Blackpool's Simon Grayson had no hesitation in dropping down a division to take over at Leeds - the club he supported as a boy. Promotion last season at Elland Road must have tasted sweet.
Would Colin Lee, after departing from Championship Wolves, have gone to any other basement division side battling relegation other than home town club Torquay?
It's doubtful. Lee triumphed, keeping the Gulls in the Football League on the final day in 2001.
Of course, it can go the other way, too. In 2002, with Hartlepool riding high in League Two, Chris Turner answered the call from his boyhood club, Sheffield Wednesday, to save them from the drop.
He failed and, after struggling to get them competing for promotion from League One, was dismissed. Hartlepool, meanwhile, won promotion without him and then made the third tier play offs for successive seasons.
It was the other way around for Carlisle-born Paul Simpson. Who, after leading the Cumbrians to successive promotions, left to join rivals Preston - leaving those at Brunton Park feeling betrayed.

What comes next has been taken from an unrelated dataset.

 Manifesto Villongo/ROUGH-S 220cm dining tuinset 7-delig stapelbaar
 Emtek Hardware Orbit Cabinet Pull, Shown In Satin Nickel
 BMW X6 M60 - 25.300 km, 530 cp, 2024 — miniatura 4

For one reason or another, local boys are attractive prospects for clubs looking for managers though. Maybe chairmen believe they understand the club better, will work harder for success, or just be able to connect more easily with the supporters.
As with ex-players returning as manager, there is the idea that certain clubs have 'identities' which having a prior knowledge of can prove advantageous when trying to lead them to success.
Steve Cotterill guided his home town club Cheltenham from Non League obscurity into League One during the '90s. He left for Stoke with the best wishes of everyone from the Robins.
Cotterill connected with the people of Gloucestershire, he was one of them. Contrast that, though, with the actions of Londoner Martin Allen who, during his time at Whaddon Road, ruffled feathers everywhere he turned in the Cotswolds.
'Home advantage' has probably paid a part in other appointments, too. Prior to Sheffield United, Kevin Blackwell had been in charge at his home town team, Luton.
Oxfordshire-born Mark Wright was the man chosen to lead Oxford after their relegation to League Two in 2001. Liverpudlian Ronnie Moore was an obvious choice when the Tranmere job became vacant in 2006.
Of course, not all succeed. Sometimes the added pressure of being a local can count against a manager. Sometimes the emotional attachment can prove too great.
Sometimes you don't need any local connection or affiliation with a club whatsoever to achieve success either - just ask Blackpool and their unmistakable West Countryman Ian Holloway.
Not so with Adams. A proud Steel City man who now has his dream, if demanding, job. The rewards for success will be great. Failure - and he will have nowhere to hide.